When approached by GTR to comment on the record Swift traffic, a Ripple spokesperson skirted nebulously around the news: “Global payment volumes are increasing across the board due to shifting business needs and consumer demands, driven by growing global commerce. In recent months, we have seen a surge in volume of transactions through RippleNet. SEB, a Swedish bank, for example has now processed US$920mn over RippleNet. What is clear is that the demand for fast, low cost, transparent cross-border payments is on the rise – on average, we are adding one customer a week to RippleNet as banks and payment providers worldwide seek to innovate their payment systems,” read a written statement.

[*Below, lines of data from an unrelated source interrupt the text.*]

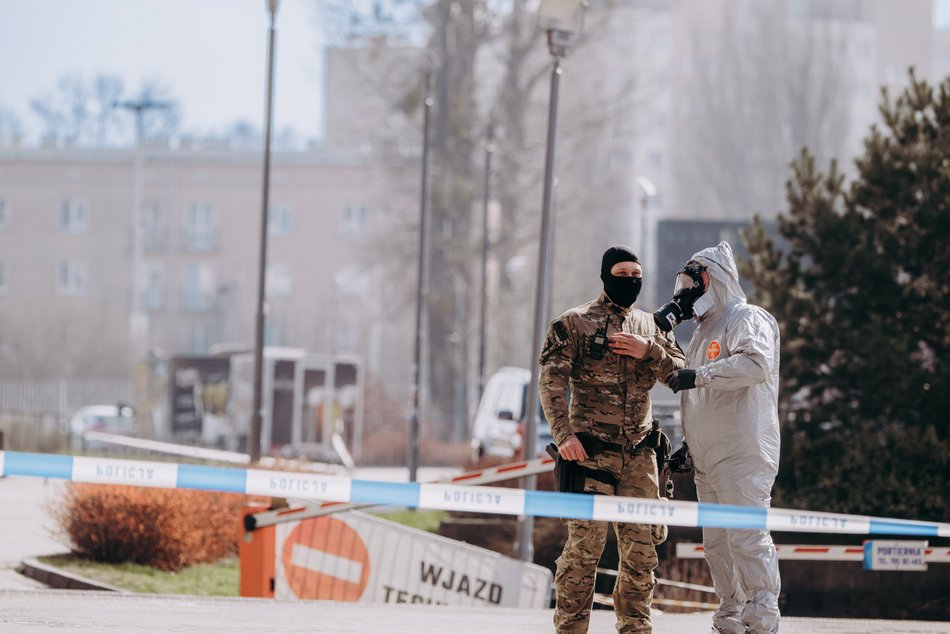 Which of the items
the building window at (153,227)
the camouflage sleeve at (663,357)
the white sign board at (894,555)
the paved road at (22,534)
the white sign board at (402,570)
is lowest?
the paved road at (22,534)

Meanwhile, one area of Swift’s traffic which continues to underwhelm is business settled in Chinese renminbi (Rmb). Amid continuing capital controls from the Chinese government, Rmb usage accounted for just 1.61% of domestic and cross-border payments on the Swift network in December 2017.
Swift research found that while mobile payments services such as AliPay, WeChat Pay and Swift gpi should help the Rmb grow, it has largely disappointed.
“The Rmb has had a difficult year in 2017 and struggled to realise its potential for growth. Experts suggest that capital controls and uncertainties over future regulations mean that a significant reversal of the decline in Rmb usage for trade and payments is unlikely in 2018,” says Swift’s head of market payments for Asia Pacific, Michael Moon.